By Jeb Blount/Jean Luis Arce
RIO DE JANEIRO/MEXICO CITY, Aug 29 (Reuters) - Latin American currencies gained against the U.S. dollar on Monday, led by Mexico's peso, after better-than-expected U.S. economic activity reduced concern that the world's largest economy is entering another recession.
U.S. consumer spending USGPCS=ECI rose 0.8 percent in July, its fastest pace in five months, the U.S. Commerce Department said on Monday. The result beat the 0.5 percent expected by 59 economists surveyed by Thomson Reuters ECONALLUS. For more see [ID:nN1E77S0BS].
The United States is responsible for about 80 percent of Mexico's export earnings and is the largest or second-largest trading partner of most Latin American countries.
"When you get news of growth in the U.S., that's better for the peso," said Marcelo Salomon, chief economist for Brazil and Mexico at Barclay's Capital in New York. "Concern about the United States going into recession would have been bad news not just for Mexico but for the rest of Latin America as well."
Mexico's peso MXN=D2 strengthened 0.66 percent to 12.4139 to the U.S. dollar.
The gains were likely aided by technical factors. Net speculative bets the peso will gain slipped to their lowest since May 2010 in Chicago futures trading MXPU1 in the week ending Aug. 24, according the the U.S. Commodities Futures Trading Commission.
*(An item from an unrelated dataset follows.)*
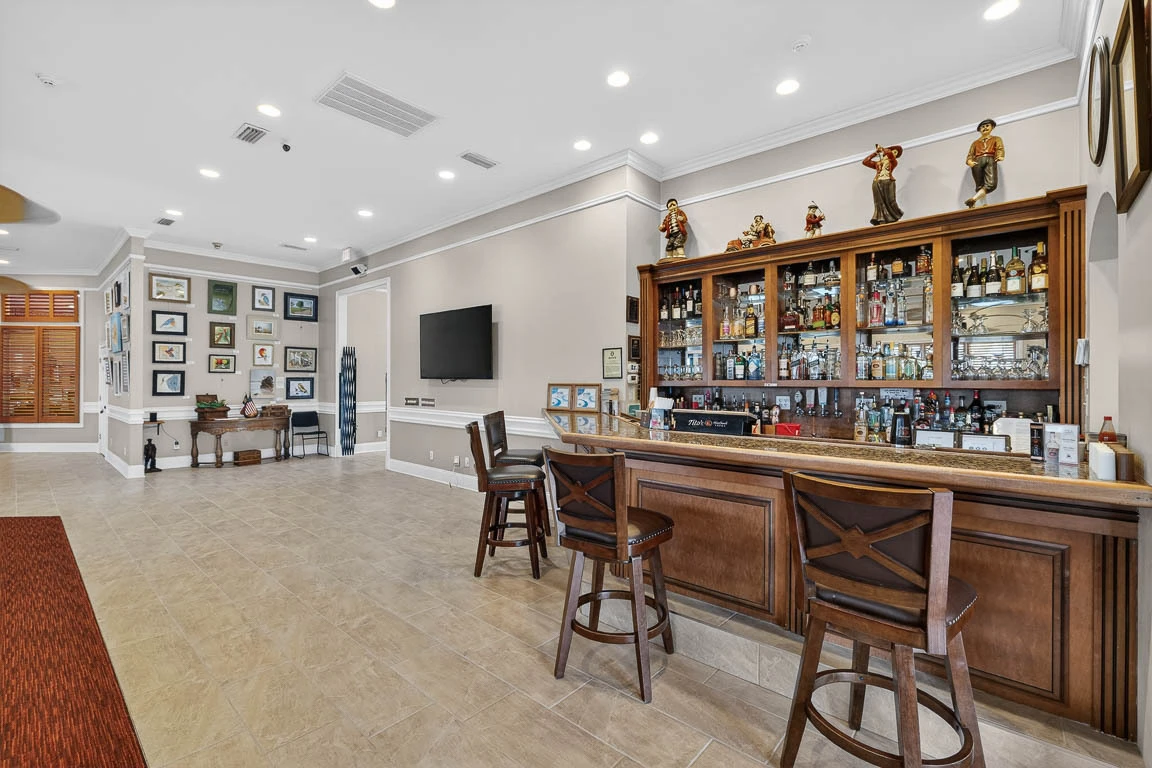 126 Clipper Bay, Brunswick, GA for sale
The low level means relatively few speculators are exposed to the risk of a stronger peso, opening space for them to bet on Mexico's currency if their risk appetite rises. [ID:nN1E77P1KX]
There remains a good chance that the peso will reverse its gains if other U.S. data releases this week fail to bolster the growth outlook, said Salomon, as did Delia Paredes, a currency analyst at Banorte-IXE in Mexico City.
"The data we are going to see will come in under a better light even though the data could keep showing weakness," she said. "The risk of a recession is still there at 40 percent."
She expects the peso to strengthen beyond 12 to the dollar in the coming months and finish the year at 11.50.
Mexico's benchmark 10 year bond in pesos, known as a "bono" MX10YT=RR, fell 0.14 to 105.39 percent of face value.
Brazil's real BRBY gained 0.44 percent to 1.5960 to the dollar while its 10-year, local-currency National Treasury Note BR10YT=RR surged 18.78 to 942.94, or 94.29 percent of face value.
The yield fell 42 basis points to 11.32 percent, its lowest level in a year.
"With continued concern about world growth despite the U.S. data we are in a sensitive spot in Latin America, a place where we're likely to see weak monetary policy and tighter fiscal policy," Salomon said. "That should cause bond yields to fall and currencies to appreciate."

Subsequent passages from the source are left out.